Tommy Jackson

Personal information
- Full name: Thomas Jackson
- Date of birth: 16 March 1898
- Place of birth: Benwell, England
- Date of death: 1975 (aged 76–77)
- Place of death: Sheldon, West Midlands, England
- Position: Goalkeeper

Youth career
- Rutherford College Old Boys

Senior career*
- Years: Team / Apps / (Gls)
- –: Rutherford Juniors
- –: Benwell Colliery
- –: Durham University
- 1919–1930: Aston Villa / 172 / (0)
- –: Kidderminster Harriers

= Tommy Jackson (footballer, born 1898) =

English footballer

Thomas Jackson (16 March 1898 – 1975) was an English footballer who played as a goalkeeper. He made close to 200 competitive appearances for Aston Villa, taking over from Sam Hardy when the veteran English international moved to Nottingham Forest.
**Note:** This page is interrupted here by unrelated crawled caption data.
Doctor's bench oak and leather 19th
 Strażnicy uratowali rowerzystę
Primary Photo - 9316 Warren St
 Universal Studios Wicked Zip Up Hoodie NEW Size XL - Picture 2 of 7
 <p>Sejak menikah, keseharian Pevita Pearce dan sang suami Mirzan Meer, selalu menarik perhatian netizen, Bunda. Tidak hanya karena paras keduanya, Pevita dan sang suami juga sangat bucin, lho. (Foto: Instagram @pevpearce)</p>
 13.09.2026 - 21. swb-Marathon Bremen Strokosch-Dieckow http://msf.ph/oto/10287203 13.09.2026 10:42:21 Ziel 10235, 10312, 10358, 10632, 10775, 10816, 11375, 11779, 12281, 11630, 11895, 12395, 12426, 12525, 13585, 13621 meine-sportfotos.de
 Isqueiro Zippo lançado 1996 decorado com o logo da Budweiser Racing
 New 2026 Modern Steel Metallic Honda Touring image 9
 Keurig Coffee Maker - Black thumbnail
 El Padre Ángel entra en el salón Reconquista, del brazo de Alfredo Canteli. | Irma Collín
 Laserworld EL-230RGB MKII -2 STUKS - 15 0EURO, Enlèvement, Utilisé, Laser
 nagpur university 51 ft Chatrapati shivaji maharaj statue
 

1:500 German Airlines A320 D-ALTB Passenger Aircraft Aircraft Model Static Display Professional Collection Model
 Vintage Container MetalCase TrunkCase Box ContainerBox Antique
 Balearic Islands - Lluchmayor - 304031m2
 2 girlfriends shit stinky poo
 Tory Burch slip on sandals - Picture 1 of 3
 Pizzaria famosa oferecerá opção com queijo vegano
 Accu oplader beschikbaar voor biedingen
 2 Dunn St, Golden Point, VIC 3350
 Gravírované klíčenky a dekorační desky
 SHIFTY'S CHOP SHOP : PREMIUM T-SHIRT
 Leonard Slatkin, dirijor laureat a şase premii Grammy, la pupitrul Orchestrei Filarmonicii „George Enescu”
He travelled to Sweden with Villa on their first foreign tour in 1926. Jackson chose to play the 9-hole golf with Kirton, Mort and Capewell.

Jackson was generally preferred to rival Cyril Spiers for a first team place and featured on the losing side in the 1924 FA Cup Final, but was eventually replaced by Ben Olney. He served with the Royal Northumberland Fusiliers during World War I and attended Durham University before taking up football full-time; his profession after leaving the game was a schoolteacher.

He was mentioned in season 4 episode 2 of Peaky Blinders.